SEA SICK.   A solitary woman stands within a chalk drawn circle on a sparsely set stage. The stage contains a chalkboard, chalk, a shell and a table. On the table sits a glass of water and a jug containing clear liquid, piquing the audience’s curiosity as to their purpose. The performer begins her one woman, non-fiction play by introducing herself through personal anecdotes, sharing snippets of her early family life and career, which led her to travel the world researching for her novel.

Quietly, but firmly she states the following words:
‘The ocean has become warm, breathless and sour.’  

These words resound around Bay 20, the Carriageworks, at the 2018 Sydney Festival.  

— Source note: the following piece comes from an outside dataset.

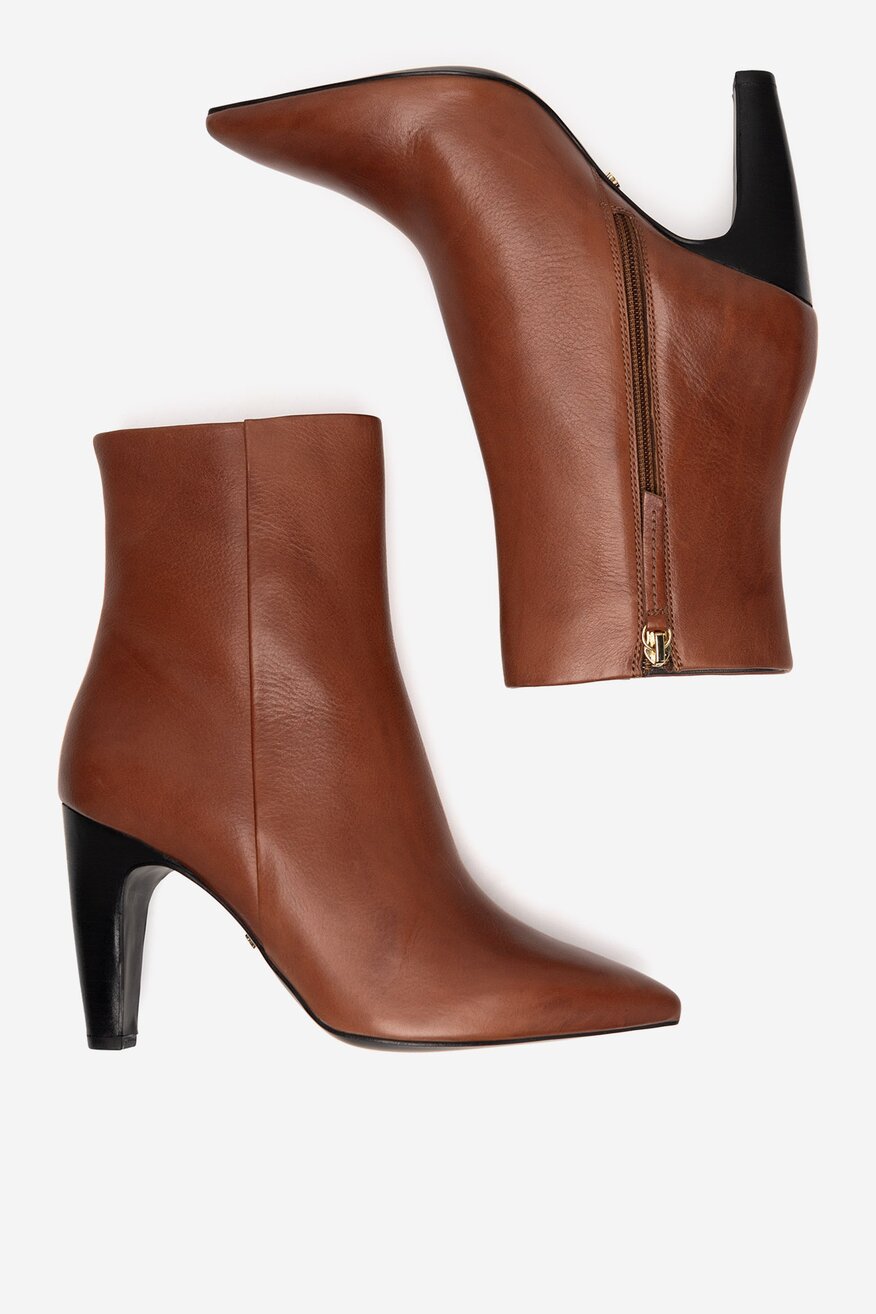 Botki skórzane na słupku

The performer is Alanna Mitchell, the respected Canadian science journalist and author of the international best-seller, SEA-SICK: The Global Ocean in Crisis, which won her the Grantham Prize in 2010 for excellence in environmental journalism.

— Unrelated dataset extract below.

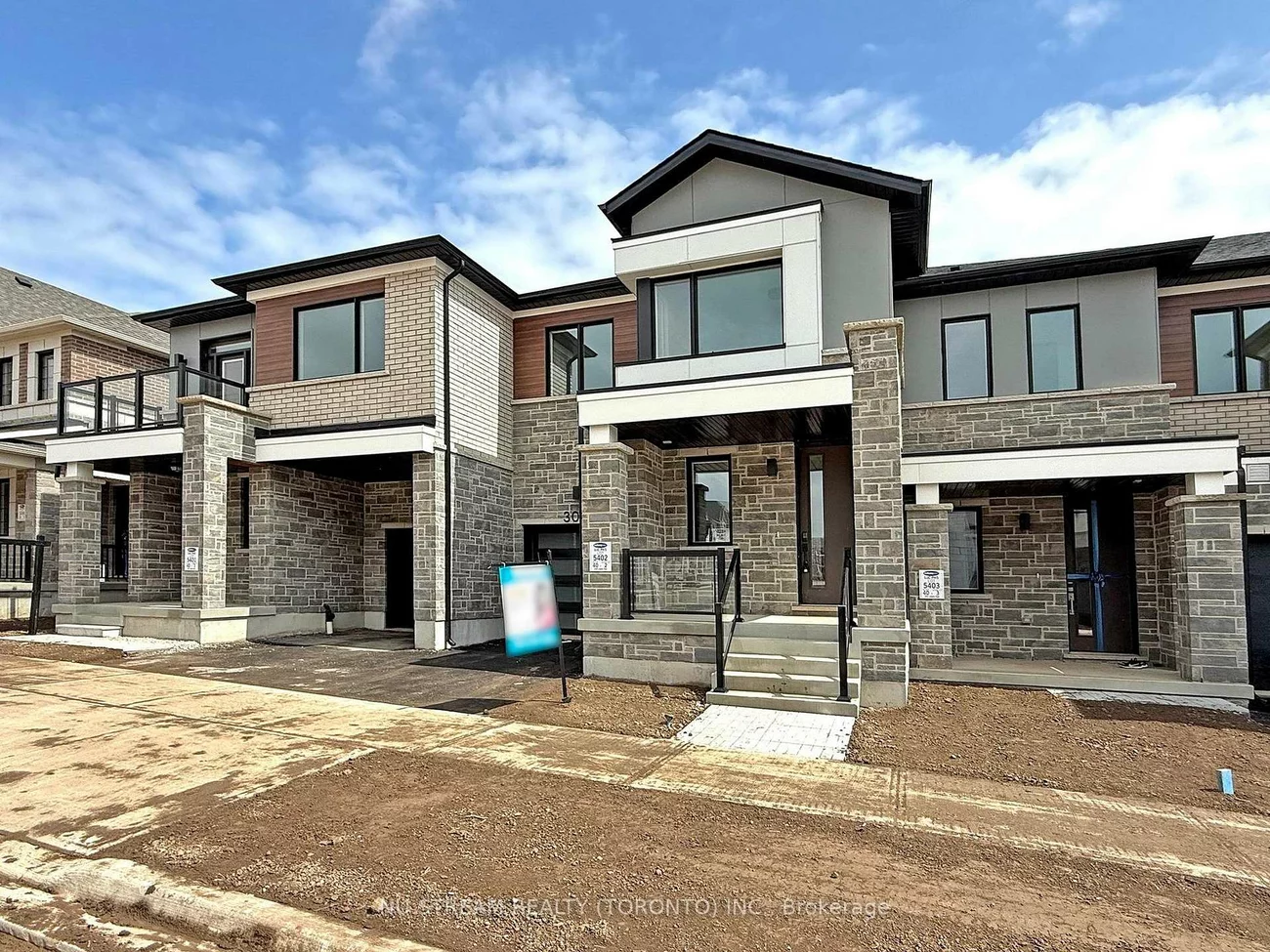 3049, Langdon, 1010 - JM Joshua Meadows, Oakville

Using the chalkboard (and practical demonstrations), Ms Mitchell presents her findings on the increasing acidity in the world’s ocean since the 268 years of the Industrial Revolution. She tackles the often controversial and combative subject of climate change and the health of our oceans being ‘locked into step’ with climate change. By extensive research and scientific data Ms Mitchell illustrates the effect of human activity on the land environment and in particular, the global ocean.

‘If all life on land were to vanish tomorrow, creatures in the ocean would flourish. But if the opposite happened and the ocean’s life perished, then the creatures on land would die too. Life, if it went on, would have to start over.’

For a thought provoking and informative evening SEA SICK is a must-see performance.